Smuggling networks adapted; foreign merchants still found eager partners.

By 1683, when the Qing conquered the Zheng regime and took Taiwan, prohibition had already proved impracticable. The empire could not seal off the sea but had to learn to control it. Offices were opened to oversee customs, shipping rules formalised, and maritime trade slowly brought back under control. Something that had previously been seen as endangering the dynasty was transformed into a vital source of revenue.

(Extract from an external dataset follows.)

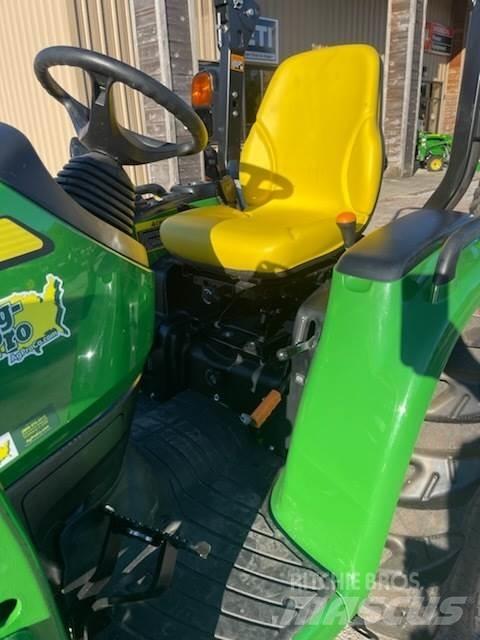 John Deere 3033R Mikrociągniki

A reverse-glass export painting of the Thirteen Factories in Guangzhou, China, c1805. Courtesy Wikipedia

The most significant aspect of this new system was the Canton System, which was formalised beginning in 1757. Long caricatured as a ‘one-port policy’ that confined foreign merchants, in the West it is usually described as myopic and hopelessly behind the times of international trade. However, the system worked because both sides recognised the rationale behind it. Foreign merchants themselves liked Canton: they were protected there not only by batteries and patrols but also by stockpiles of human capital necessary for trade. Cohong guild merchants offered credit; interpreters were readily available; and brokers knew the intricacies of necessary rituals of negotiation. The system was a compromise, but it was compromise enforced with both hardware and software. For decades, it worked exceedingly well. Silver flooded in from Mexico and Japan; tea, silk and porcelain flowed out.

Pirates roamed the seas, smugglers plied their trade in the shadows

Business at Canton was........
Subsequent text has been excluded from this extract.